What the task requires:
Among the records below, find the line with "Cover of Pilgrimage" and the line with "Mercedes-Benz A-Class A200". Set down both and every line between, exactly and with no pictures, but nothing else.

=-=-=

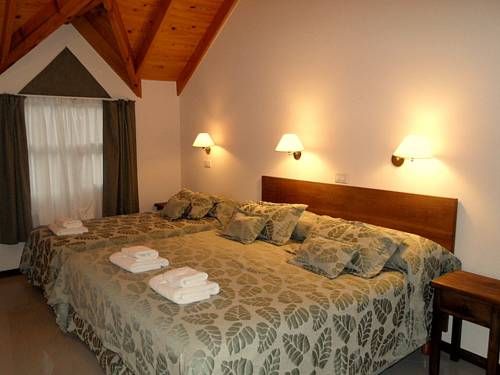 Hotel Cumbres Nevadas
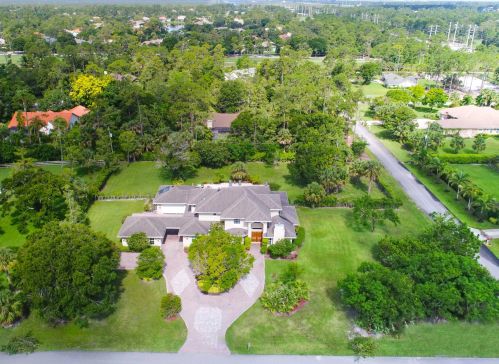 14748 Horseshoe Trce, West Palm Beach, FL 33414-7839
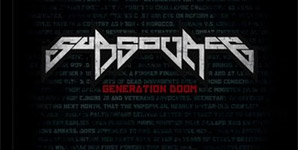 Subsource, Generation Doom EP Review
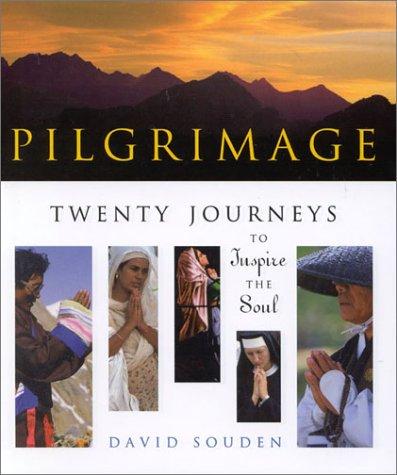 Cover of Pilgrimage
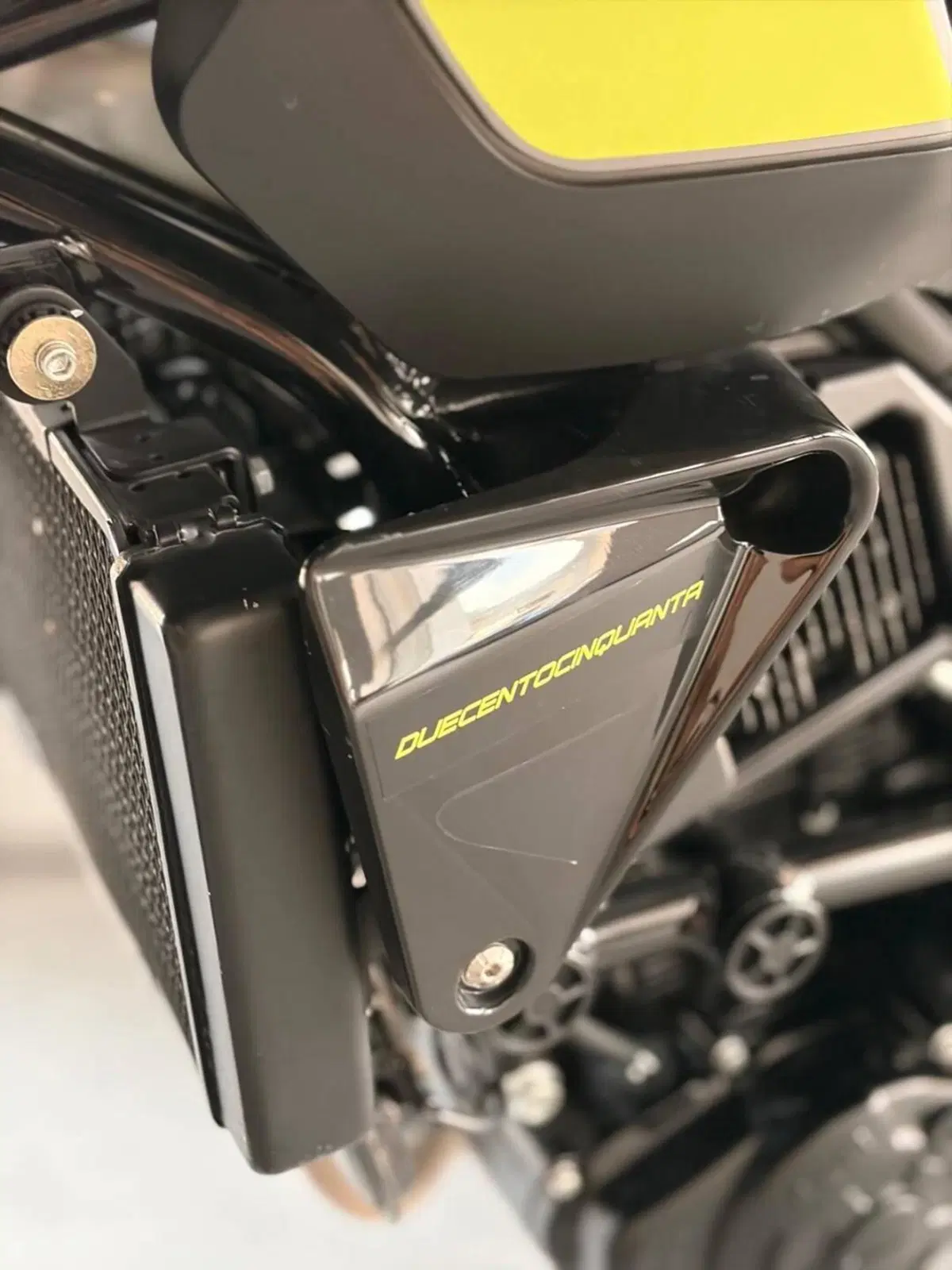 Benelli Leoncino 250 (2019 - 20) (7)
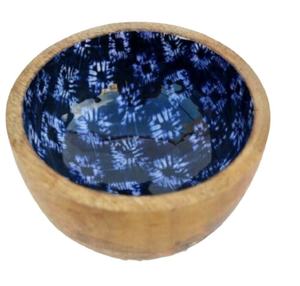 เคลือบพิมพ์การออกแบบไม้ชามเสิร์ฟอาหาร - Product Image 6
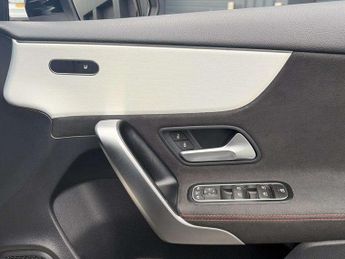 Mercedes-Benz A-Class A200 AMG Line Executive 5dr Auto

=-=-=

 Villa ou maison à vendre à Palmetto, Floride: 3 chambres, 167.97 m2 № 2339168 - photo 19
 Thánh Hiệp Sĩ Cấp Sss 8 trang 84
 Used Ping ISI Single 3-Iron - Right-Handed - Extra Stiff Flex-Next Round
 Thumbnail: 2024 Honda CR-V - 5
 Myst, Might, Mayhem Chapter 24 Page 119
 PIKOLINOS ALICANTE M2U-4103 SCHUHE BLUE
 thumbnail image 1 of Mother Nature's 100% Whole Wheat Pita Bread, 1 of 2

=-=-=

Response to this exercise:
 Cover of Pilgrimage
 Benelli Leoncino 250 (2019 - 20) (7)
 เคลือบพิมพ์การออกแบบไม้ชามเสิร์ฟอาหาร - Product Image 6
 Mercedes-Benz A-Class A200 AMG Line Executive 5dr Auto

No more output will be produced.